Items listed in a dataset
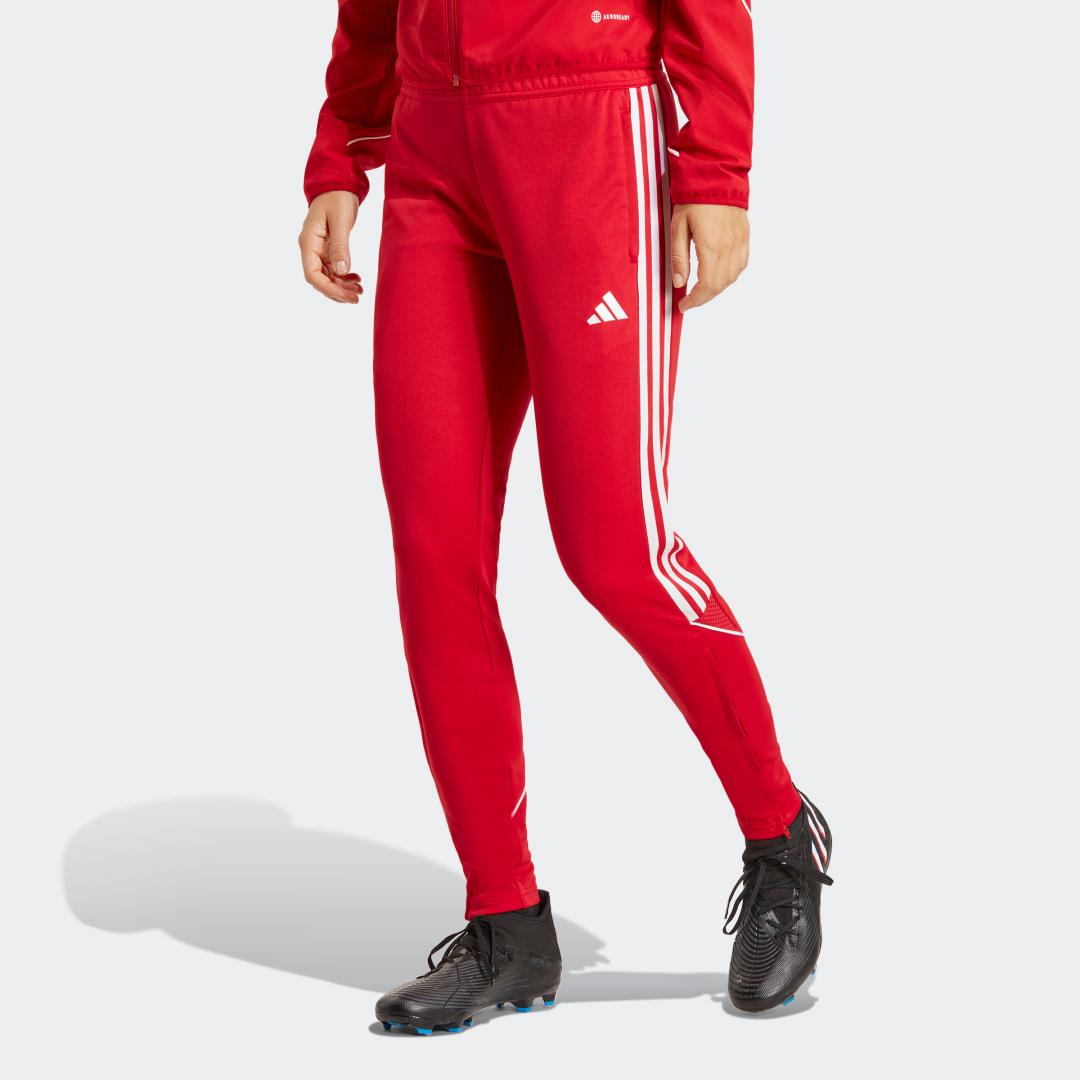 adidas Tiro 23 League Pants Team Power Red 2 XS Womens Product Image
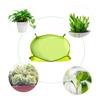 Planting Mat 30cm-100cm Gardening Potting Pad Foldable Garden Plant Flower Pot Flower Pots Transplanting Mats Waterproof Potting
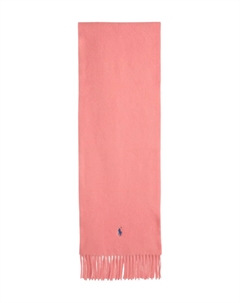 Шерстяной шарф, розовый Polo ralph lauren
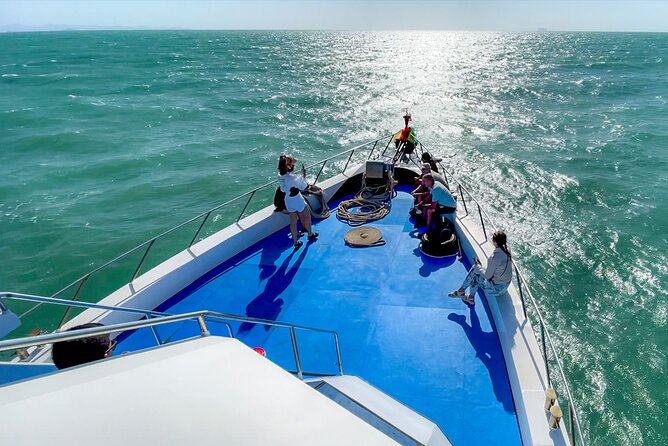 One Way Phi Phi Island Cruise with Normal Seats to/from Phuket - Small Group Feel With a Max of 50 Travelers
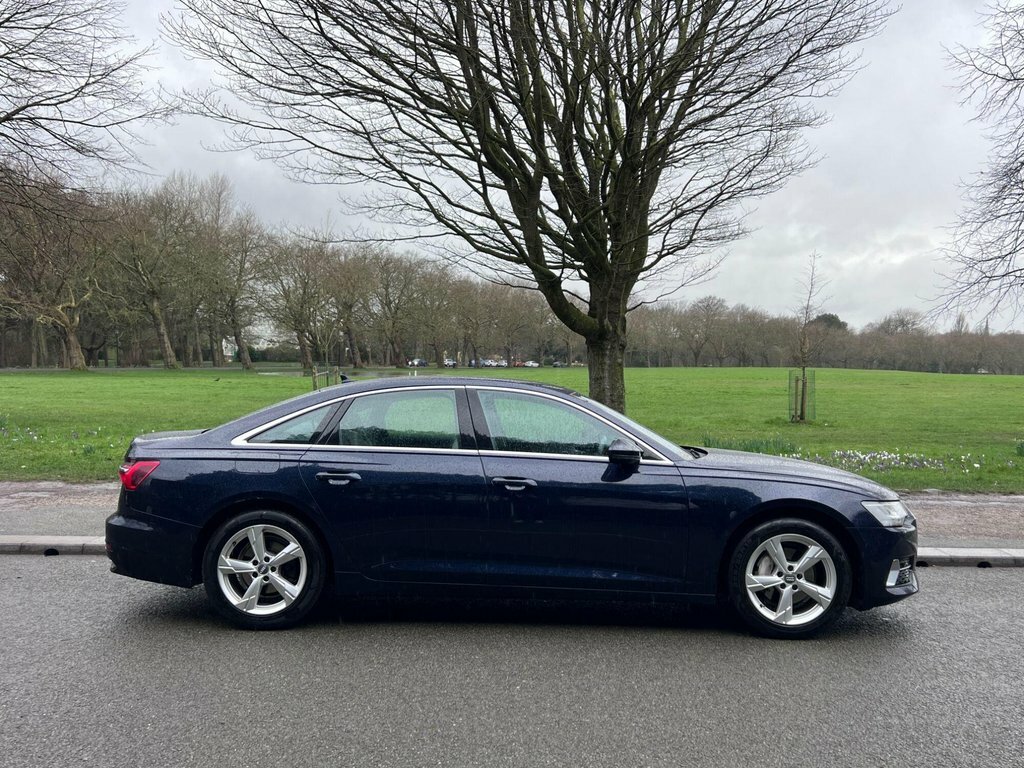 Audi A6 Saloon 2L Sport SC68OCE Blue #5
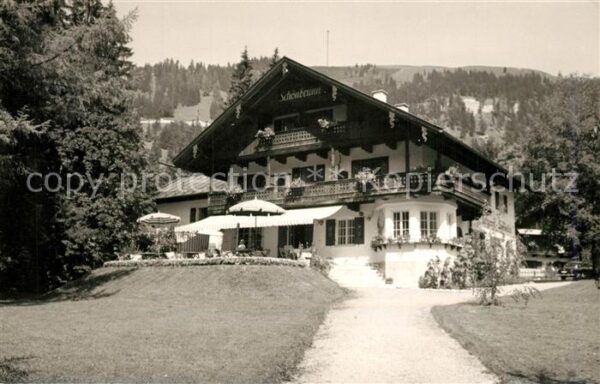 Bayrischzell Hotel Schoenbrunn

* * *

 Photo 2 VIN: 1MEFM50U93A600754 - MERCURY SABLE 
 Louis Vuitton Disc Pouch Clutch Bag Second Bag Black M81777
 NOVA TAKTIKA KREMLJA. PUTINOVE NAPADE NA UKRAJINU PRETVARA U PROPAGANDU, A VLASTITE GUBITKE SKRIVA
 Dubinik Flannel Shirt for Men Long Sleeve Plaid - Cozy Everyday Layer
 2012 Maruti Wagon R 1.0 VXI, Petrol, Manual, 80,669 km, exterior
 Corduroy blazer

==

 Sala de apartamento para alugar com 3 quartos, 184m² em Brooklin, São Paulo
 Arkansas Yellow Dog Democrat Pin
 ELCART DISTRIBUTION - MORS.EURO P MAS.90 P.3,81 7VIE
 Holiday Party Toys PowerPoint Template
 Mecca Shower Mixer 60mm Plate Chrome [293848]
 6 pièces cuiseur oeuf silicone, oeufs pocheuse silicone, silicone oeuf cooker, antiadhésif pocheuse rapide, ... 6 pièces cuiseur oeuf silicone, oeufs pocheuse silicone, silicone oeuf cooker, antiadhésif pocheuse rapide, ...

» DESCRIPTION OF THE TASK
Above, find the line holding "Audi A6 Saloon 2L Sport SC68OCE Blue #5" and the line holding "Bayrischzell Hotel Schoenbrunn". Print exactly those two lines and every line between them, but no pictures.

» RESPONSE TO THE TASK
 Audi A6 Saloon 2L Sport SC68OCE Blue #5
 Bayrischzell Hotel Schoenbrunn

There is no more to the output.